GOAL OF THE EXERCISE:
In the entries below, count every line containing "Price". Return the number and nothing else.

(Records excerpted from a collection)

*** Block opens ***

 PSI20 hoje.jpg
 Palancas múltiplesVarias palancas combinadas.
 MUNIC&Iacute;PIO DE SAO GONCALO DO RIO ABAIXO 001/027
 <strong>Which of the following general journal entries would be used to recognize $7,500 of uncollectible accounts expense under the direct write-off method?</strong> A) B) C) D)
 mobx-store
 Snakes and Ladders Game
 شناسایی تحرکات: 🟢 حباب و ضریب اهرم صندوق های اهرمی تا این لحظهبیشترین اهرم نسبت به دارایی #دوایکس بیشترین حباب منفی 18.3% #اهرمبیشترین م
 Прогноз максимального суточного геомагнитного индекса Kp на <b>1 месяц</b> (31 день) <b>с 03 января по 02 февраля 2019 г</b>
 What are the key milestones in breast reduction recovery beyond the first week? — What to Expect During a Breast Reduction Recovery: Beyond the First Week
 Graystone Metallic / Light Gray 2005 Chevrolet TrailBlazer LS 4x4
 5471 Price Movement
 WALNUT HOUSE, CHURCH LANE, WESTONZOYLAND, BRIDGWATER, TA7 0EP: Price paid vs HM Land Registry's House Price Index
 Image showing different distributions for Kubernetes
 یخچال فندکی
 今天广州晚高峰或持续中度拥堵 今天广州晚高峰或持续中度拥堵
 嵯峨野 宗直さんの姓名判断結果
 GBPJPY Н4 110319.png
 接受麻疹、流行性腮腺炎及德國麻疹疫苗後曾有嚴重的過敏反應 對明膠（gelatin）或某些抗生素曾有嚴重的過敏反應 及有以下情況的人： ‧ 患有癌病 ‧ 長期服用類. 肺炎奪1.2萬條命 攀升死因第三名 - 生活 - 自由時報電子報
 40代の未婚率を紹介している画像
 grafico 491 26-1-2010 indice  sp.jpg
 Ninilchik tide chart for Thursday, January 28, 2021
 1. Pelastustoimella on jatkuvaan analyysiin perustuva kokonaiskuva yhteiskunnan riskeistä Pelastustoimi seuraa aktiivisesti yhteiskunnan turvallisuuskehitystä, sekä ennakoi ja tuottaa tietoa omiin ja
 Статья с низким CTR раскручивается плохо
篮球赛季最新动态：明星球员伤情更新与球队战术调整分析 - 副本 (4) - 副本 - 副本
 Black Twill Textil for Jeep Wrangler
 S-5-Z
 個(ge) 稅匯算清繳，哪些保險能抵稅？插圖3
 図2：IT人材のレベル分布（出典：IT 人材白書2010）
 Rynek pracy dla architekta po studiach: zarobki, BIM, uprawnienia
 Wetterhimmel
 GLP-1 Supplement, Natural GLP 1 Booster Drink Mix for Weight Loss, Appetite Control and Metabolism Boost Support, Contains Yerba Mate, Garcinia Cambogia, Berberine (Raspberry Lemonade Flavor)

*** Block closes ***

RESULT OF THE TASK:
2